In order to enable the congregations themselves to take an active
part in the service, he now longed for genuine Church hymns, that is
to say, songs composed in the noble popular language, verse, and
melody. He invited friends to paraphrase the Psalms for this
purpose; he had not sufficient confidence in himself for the work.
And yet he was the first to attempt it. With fresh impulse and with
the exuberance of true poetical genius, his verses on the Brussels
martyrs had flowed forth spontaneously from his inmost soul. They
were the first, so far as we know, that Luther had ever written,
though he was now forty years of age. With the same poetic impulse
he composed, probably shortly after, a hymn in praise of the
'highest blessing' that God had shown towards us in the sacrifice of
His beloved Son.
Rejoice ye now, dear Christians all,
And let us leap for joy,
And dare with trustful, loving hearts,
Our praises to employ,
And sing what God hath shown to man,
His sweet and wondrous deed,
And tell how dearly He hath won. etc.
The full tone of a powerful, fresh, often uncouth, but very tender
popular ballad no other writer of the time displayed like Luther.
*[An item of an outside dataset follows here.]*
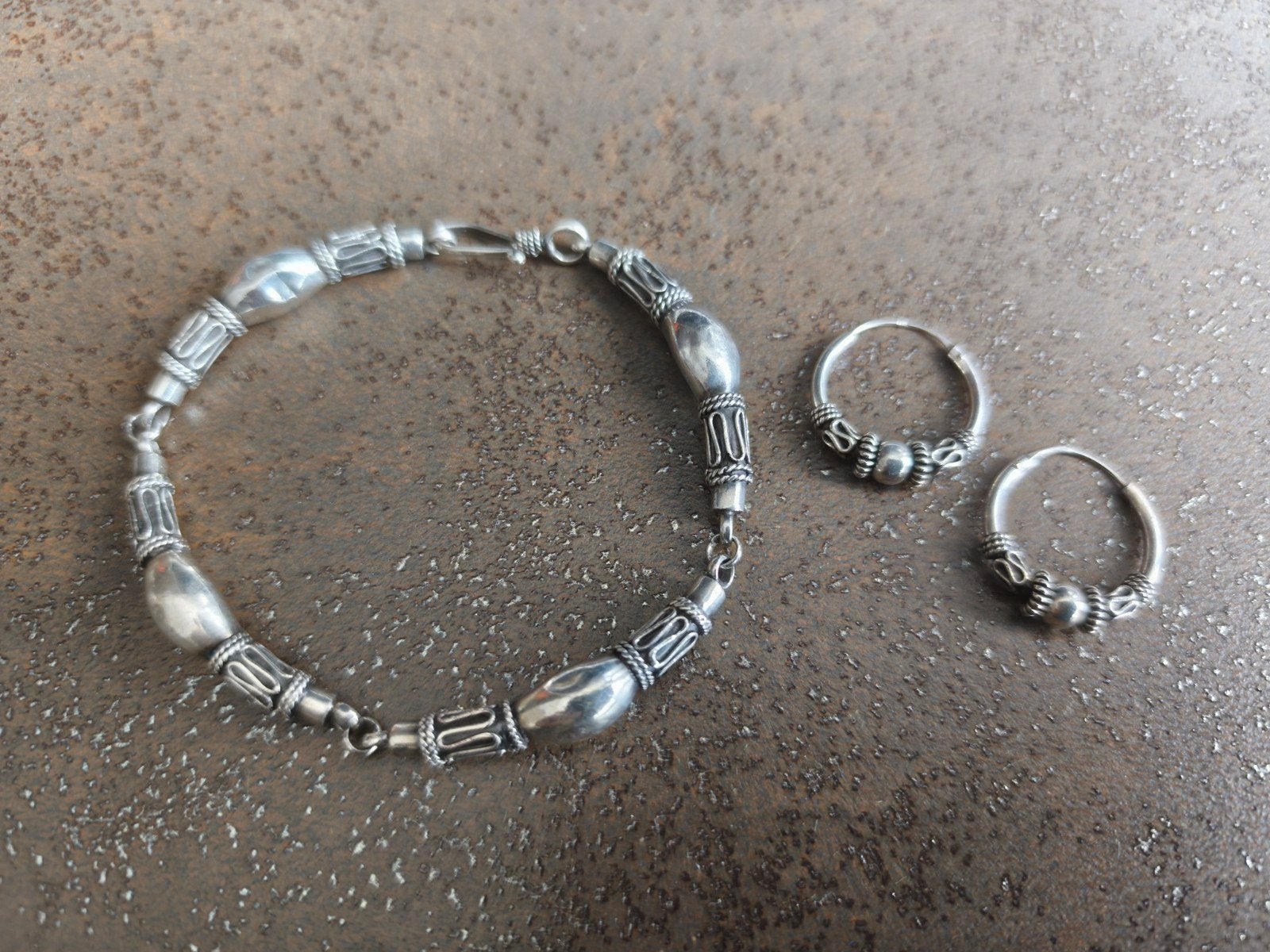 Zilveren armband+bijbehorende oorbellen met Keltisch motief, Ophalen of Verzenden, Gebruikt, Zilver, Zilver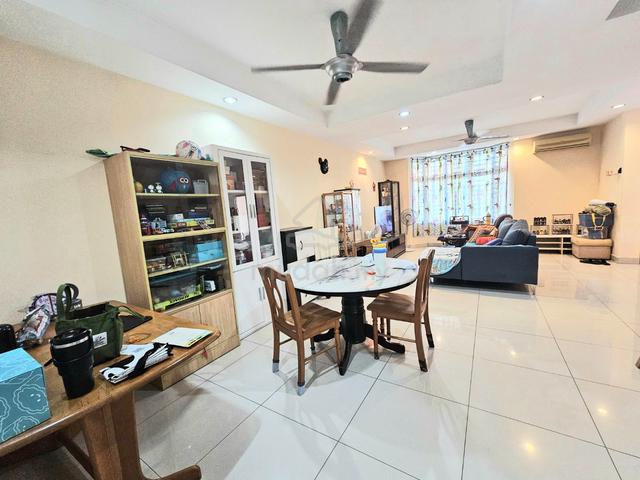 [ Fully Renovated ] 2 Storey Terrace @ Taman Puchong Utama 1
And whilst seeking to compose or re-arrange hymns for congregational
use in church, he now busied himself with the Psalter, paraphrasing
its contents in an evangelical spirit and in German metre.
Thus now, early in 1524, there appeared at Wittenberg the first
German hymn-book, consisting at first, of only eight hymns, about
half of them, such as that beginning _Nun freut euch_, being
original compositions of Luther, and three others adapted from the
Psalms. In the course of the same year he brought out a further
collection of twenty hymns, written by himself for the evangelical
congregation there: among these is the one on the Brussels martyrs.
It was, in fact, the year in which German hymnody was born. Luther
soon found the coadjutors he had wished for.
These twenty-four hymns by Luther were followed in after years by
only twelve more from his own pen, among the latter being his grand
hymn, _Ein' feste Burg ist unser Gott_, written probably in
1527. Of these later compositions, comparatively few expressed
entirely his own ideas; most of them had reference to subjects
already in the possession and use of the Christian world, and of
German Christians in particular; that is to say, some referred to
the Psalms and other portions of the Bible, others to parts of the
Catechism, others again to short German ballads, sung by the people,
and even to old Latin hymns. In all of them he was governed by a
strict regard to what was both purely evangelical, and also suitable
for the common worship of God. And yet they differ widely, one from
another, in the poetical form and manner in which he now gives
utterance to the longings of the heart for God, now seeks to clothe
in verse suited for congregational singing words of belief and
doctrine, now keeps closely to his immediate subject, now vents his
emotions freely in Christian sentiments and poetical form, as for
example in _Ein' feste Burg_, the most sublime and powerful
production of them all.
The new hymns went forth in town and country, in churches and homes,
throughout the land. Often, far more than any sermons could have
done, they brought home to ears and hearts the Word of evangelical
truth. They became weapons of war, as well as means of edification
and comfort.
In his preface to a small collection of songs, which Luther had
published in the same year, he remarks: 'I am not of opinion that
the gospel should be employed to strike down and destroy all the
arts, as certain high ecclesiastics would have it. I would rather
that all the arts, and especially music, should be employed in the
service of Him who has created them and given them to man.' What he
says here about music and poetry, he applied equally to all
departments of knowledge. He saw art and learning now menaced by
wrong-minded enthusiasts. For this reason he was particularly
anxious that they should be cultivated in the schools.